L’OWSD encourage les collaborations scientifiques entre les pays en voie de développement dans le monde, en Afrique, en Asie, en Amérique Latine et aux Caraïbes. Elle offre des bourses de mobilité aux femmes scientifiques qui souhaitent suivre un master, un doctorat ou un postdoctorat. L’organisation a également un programme de financement dédié aux laboratoires de recherche pour les femmes en début de carrière. Je suis membre et boursière de l’organisation et avec d’autres membres qui sont aussi au Sénégal, nous sommes en train de mettre en place un chapitre national pour mieux faire connaître les actions d’OWSD au niveau local.

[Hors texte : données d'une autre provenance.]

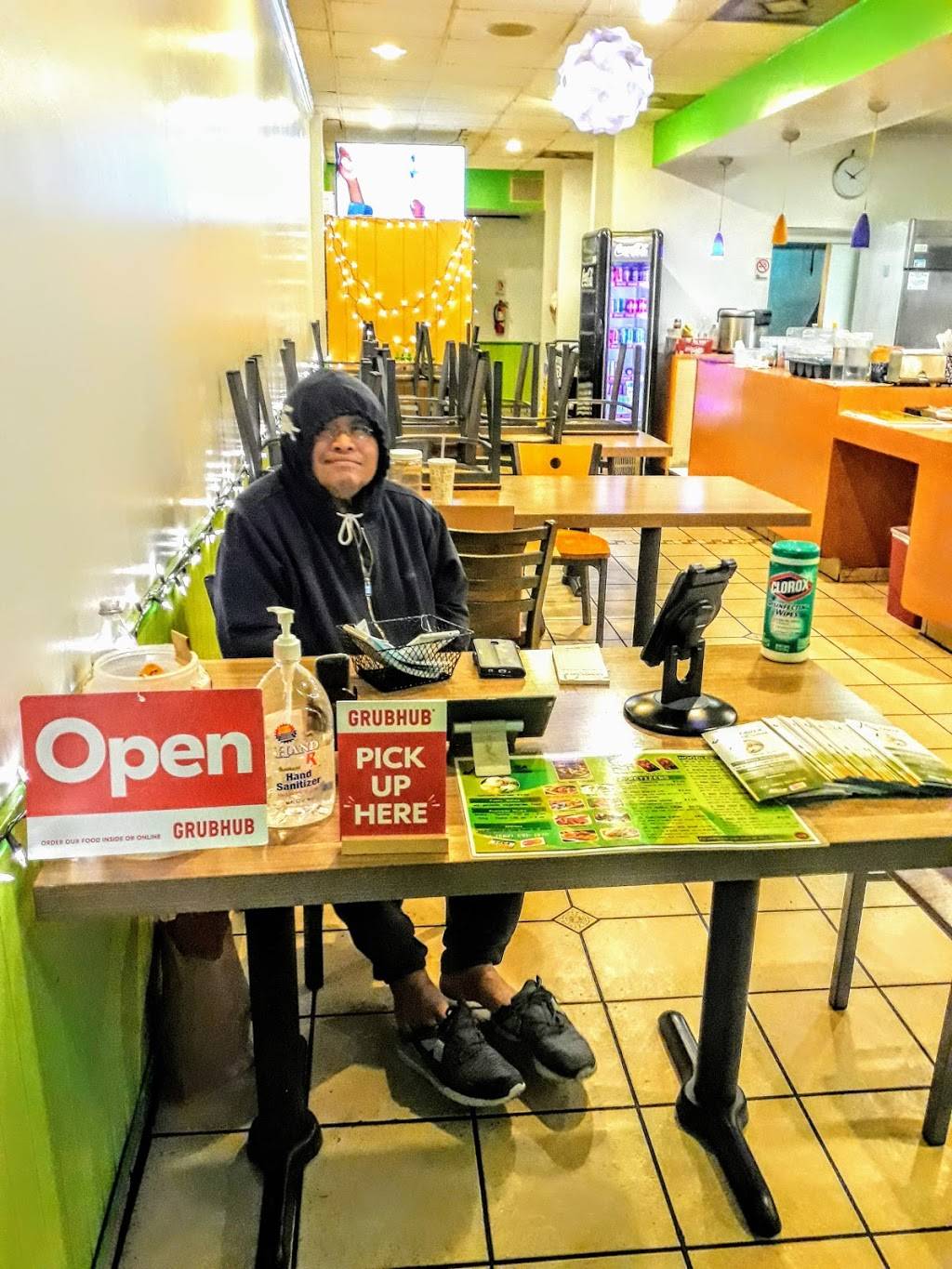 Tanyas Thai Cuisine | restaurant | 763 E Anaheim St, Long Beach, CA 90813, USA | 5625911970 OR +1 562-591-1970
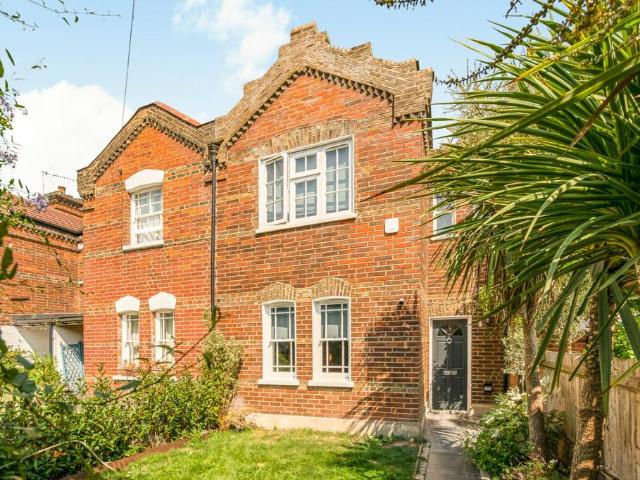 House for sale in Mortlake, Greater London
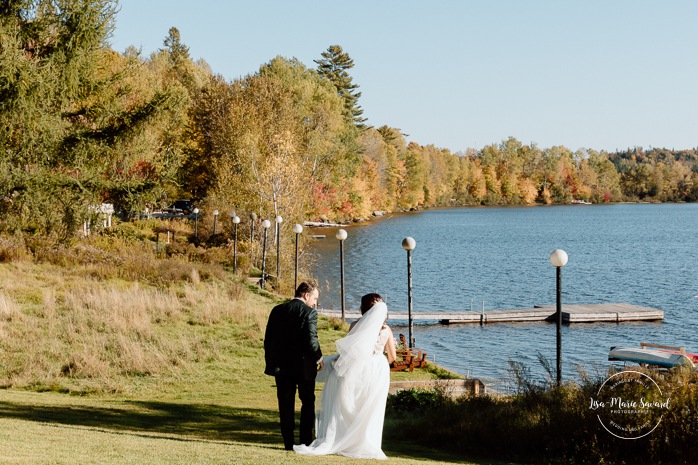 Lakefront wedding photos. Fall wedding photos. Mariage au Manoir du lac Delage. Photographe de mariage Ville de Québec. Quebec City wedding photographer. Manoir du lac Delage wedding.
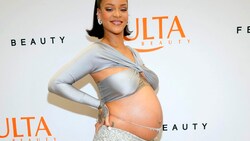 Rihanna schmückt ihren Babybauch. (Bild: Messika/Photo by Kevin Mazur/Getty Images for Fenty Beauty by Rihanna)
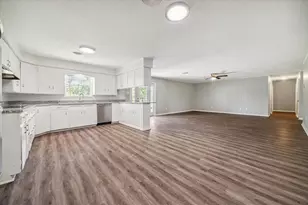 111 Chadwick, Bay City, TX 77414 - Photo 9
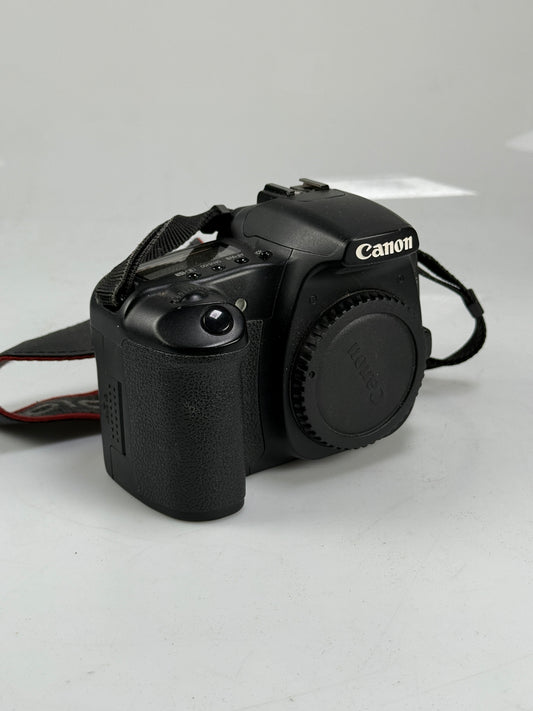 Canon EOS 30D 8.2MP Built-In-Flash Digital SLR Camera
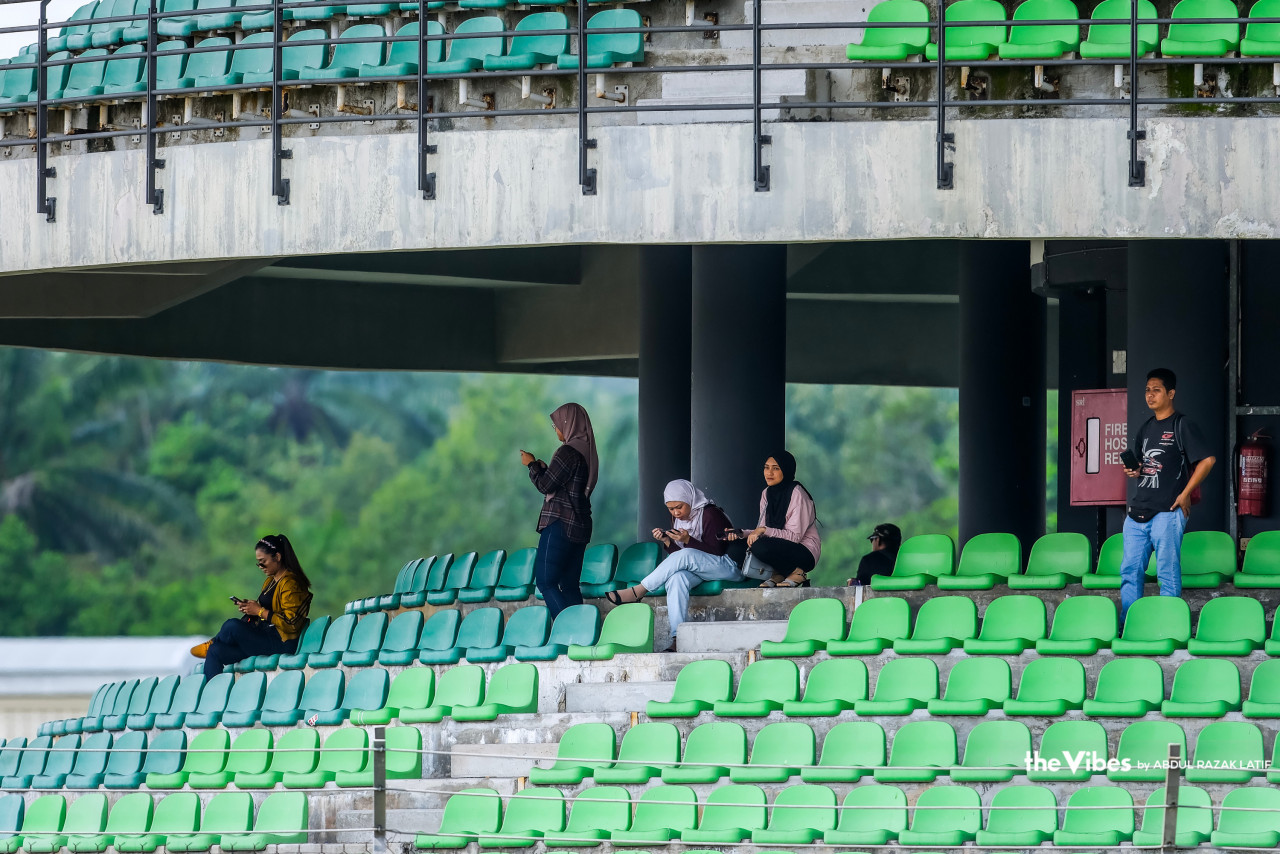Azhan Shafriman Hanif accepts more needs to be done to promote the series as empty seats became a sore sight over the weekend.  – ABDUL RAZAK LATIF/The Vibes pic, June 26, 2023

Notre objectif est de rendre visible l’organisation, afin de faire bénéficier plus de femmes sénégalaises. Nous prévoyons également dans nos activités d’organiser des visites de proximité dans les écoles, pour encourager et motiver les jeunes filles à choisir les filières scientifiques.
Quel discours tiendriez-vous à l’endroit de ces jeunes filles ?
La science n’est pas une question de genre et j’encourage les jeunes filles à embrasser les filières scientifiques sans crainte. Elles ont toutes les dispositions et la capacité intellectuelle de faire de brillantes carrières scientifiques et de participer au développement de la science à l’échelle locale et mondiale. Je les invite à découvrir la beauté de la science et à faire émerger la science pour le développement de leur pays. L’Afrique a besoin de plus de scientifiques pour combler son retard et l’implication des filles peut aider à améliorer les statistiques et à relever notre niveau de développement. Par ailleurs, en choisissant les filières scientifiques, les filles peuvent bénéficier de soutiens d’organisations telles que l’OWSD, qui soutiennent les femmes souhaitant faire de la recherche scientifique.
Quel est votre plus grand projet ou rêve d’astrophysicienne ?
Mon plus grand projet d’astrophysicienne est d’avoir un grand laboratoire de recherche, de développer des thèmes variés, en partenariat avec d’autres équipes internes et externes, de former beaucoup de jeunes et de participer à l’émergence de l’astronomie au Sénégal et dans la sous-région, pour un développement équitable de la recherche en astronomie en Afrique.